I'm not sure what to do with these. On the one hand, I don't want to allow comment spam; on the other hand, they appear to be real people who are, at least to some degree, contributing to conversation.

In one case, I allowed the comment but removed the advertising/link. In another case, I took down the comment, but haven't decided whether to restore it yet, or in what form.

I was especially entertained by the one where I redacted the comment but allowed it (with a note from me explaining why I'd redacted it and telling them to get in touch with me if they were a real person), because a week or two later I got another comment on the same entry, claiming to be from another person, saying that they know the original commenter, and that the original commenter would be distressed to learn that I'd thought his comment was spam, because really he just likes to link to his website, which is: [and then the name and URL of the original commenter's website]. I've certainly received meta-spam before, but it's usually been email about how to stop email spam, rather than a comment on a specific other comment. Note to anyone planning to try this approach: if person B, whom I don't know, vouches for the trustworthiness of person A, whom I don't know, then from my point of view that's no different than person A vouching for their own trustworthiness. And that's true even if A and B are actually different people, which is hard to confirm online.

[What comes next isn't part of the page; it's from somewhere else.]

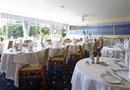 Westhill Country Hotel Saint Helier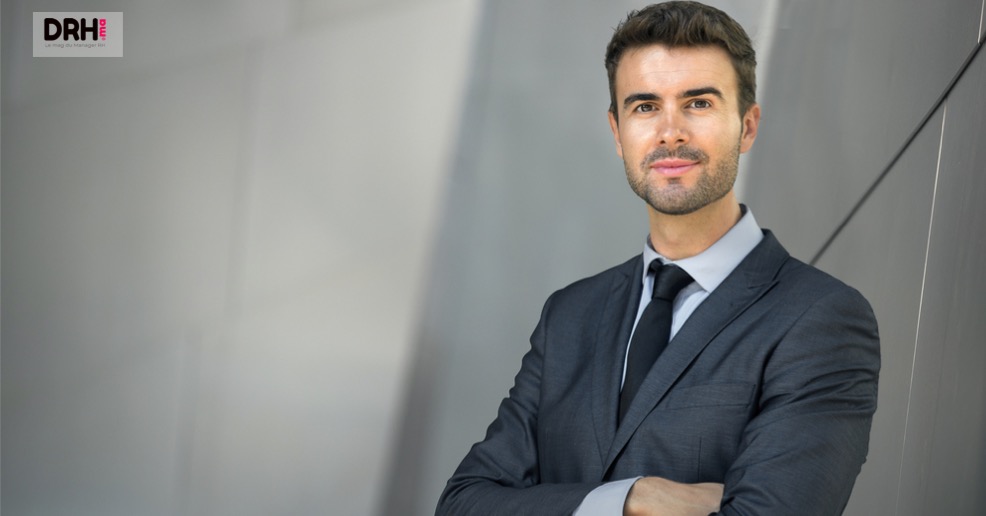 Global CEO Survey de PwC : « Le dirigeant à l’épreuve de la résilience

All this is causing me to think more about my criteria for legitimate comments. (I have a feeling I've said some or all of the following before, but I'm too lazy right now to go look for it.)

At one end of the spectrum, if a regular reader makes a substantive comment and gives the URL of their non-commercial home page or journal, that's obviously fine; at the other end of the spectrum, if a bot posts a substanceless comment that isn't related to the entry, and gives a product or business name as their name, and gives the URL of a site that obviously exists only to harvest AdSense clicks, that's obviously spam.

But what about the in-between areas?

Bots are getting a little smarter--for example, some of them have started quoting entry text in their spam comments, a technique I thought of quite a while ago but didn't mention 'cause I didn't want to give the spammers any ideas. But the bots are still generally really obviously bots. Even the cleverest bot comments are extremely generic and don't appear to have much connection to the topic except in the most general kind of way. (Insert note about various people's ideas that spam will lead to AI here.)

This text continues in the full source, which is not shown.